The buzz on the circuit is as much about who will make the cut for the premier, once-in-four-years ODI tournament, as it is about which team will win the IPL.

Ayaz Memon |April 9, 2019, 2:00 PM IST
IPL Sparkle = World Cup Ticket?

Andre Russell’s jaw dropping assault on RCB bowlers last week in the IPL prompted Brian Lara to play instant chief selector for the West Indies.

"Windies Team For World Cup @Russell12a and any other 10," tweeted the former great after KKR’s burly all-rounder had clinched an improbable win with brutal hitting rarely seen in T20.

There is more than just gushing hyperbole in Lara’s tweet. Even if obliquely, it also highlights how teams are looking at the IPL to resolve selection issues for the World Cup which begins in less than two months.

The buzz on the circuit is as much about who will make the cut for the premier, once-in-four-years ODI tournament, as it is about which team will win the IPL. This has had players on the fringes of selection as well as coaches, captains and selectors in deep anxiety.

The last date for naming the World Cup team is April 23, just over a fortnight away. Interestingly only New Zealand, runners-up in 2015, have gone public yet with their 15-member squad for the tourney.

The Kiwis approach was always unambiguous. The World Cup team was to be picked on ODI performances – in which several players were given opportunities of course. They have decided to stick by this, irrespective of what happens in the IPL.

New Zealand are the only side to have named their World Cup squad so far. (AFP) New Zealand are the only side to have named their World Cup squad so far. (AFP)

Indeed, whether IPL performances should even be considered for winning a place in the World Cup is contentious. T20s and ODIs are like apples and oranges, and any comparison of form between these two formats comes fraught with some peril.

Coaches, captains and selectors from all countries have said at various times that T20 performances can’t be a determinant in picking the World Cup side, yet have had to put selection in abeyance.

Virat Kohli, for instance, said before the limited overs series’ against Australia that T20 form wouldn’t count for the World Cup.

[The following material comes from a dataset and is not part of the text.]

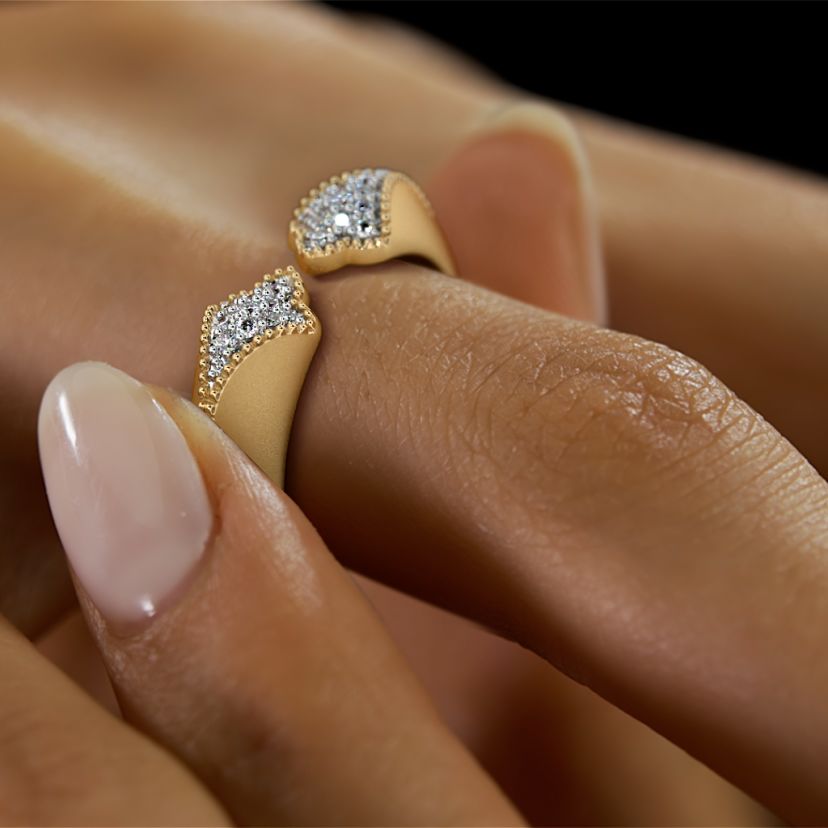 The Dorothea Top open Ring - image 6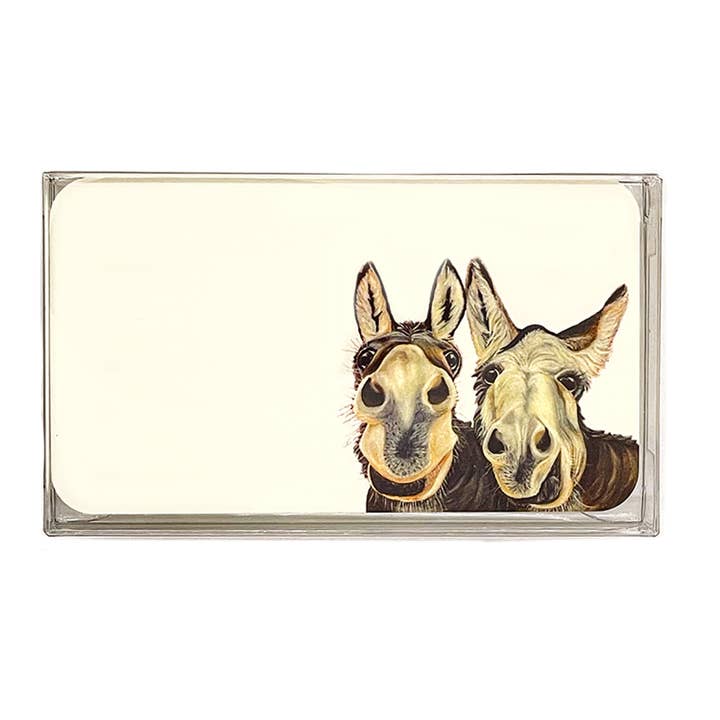 Woollybear Travels - Wholesale Stationery/Notecard Set - Pawsitive Notes- Rescued Donkeys (Lunch Box Notes)5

This was reiterated by vice-captain Rohit Sharma last week. Ironically, India have been forced to consider IPL form more than others, but of that later.

Actually, giving some weightage to what’s happening in the IPL is not without value. This is the last major fixture in the cricket calendar before the World Cup starts, so why shouldn’t countries take maximum advantage of the time limit provided by the ICC.

Moroever, the IPL is hugely competitive. Over the past dozen years, careers have been made and unmade – in every format -- and therefore the delay in announcing teams for the World Cup becomes even more understandable.

Of the frontrunners for the World Cup – which apart from New Zealand includes India, South Africa, England and Australia – the last two mentioned have already reaped some benefit.

England, currently no.1 in the rankings, in fact have a problem of plenty, and this happy situation only seems to have got accentuated with players like Jos Buttler and Jonny Bairstow showing sizzling form.

Jonny Bairstow is one of many Englishman lighting up the IPL 2019. (Image: IPL/BCCI) Jonny Bairstow is one of many Englishman lighting up the IPL. (Image: IPL/BCCI)

Ben Stokes has looked good with bat and ball though not at his devastating best, Sam Curran’s shaping up well and Moeen Ali comes across as still their best option as a spin-bowling all-rounder.

Who to leave out is England’s problem now!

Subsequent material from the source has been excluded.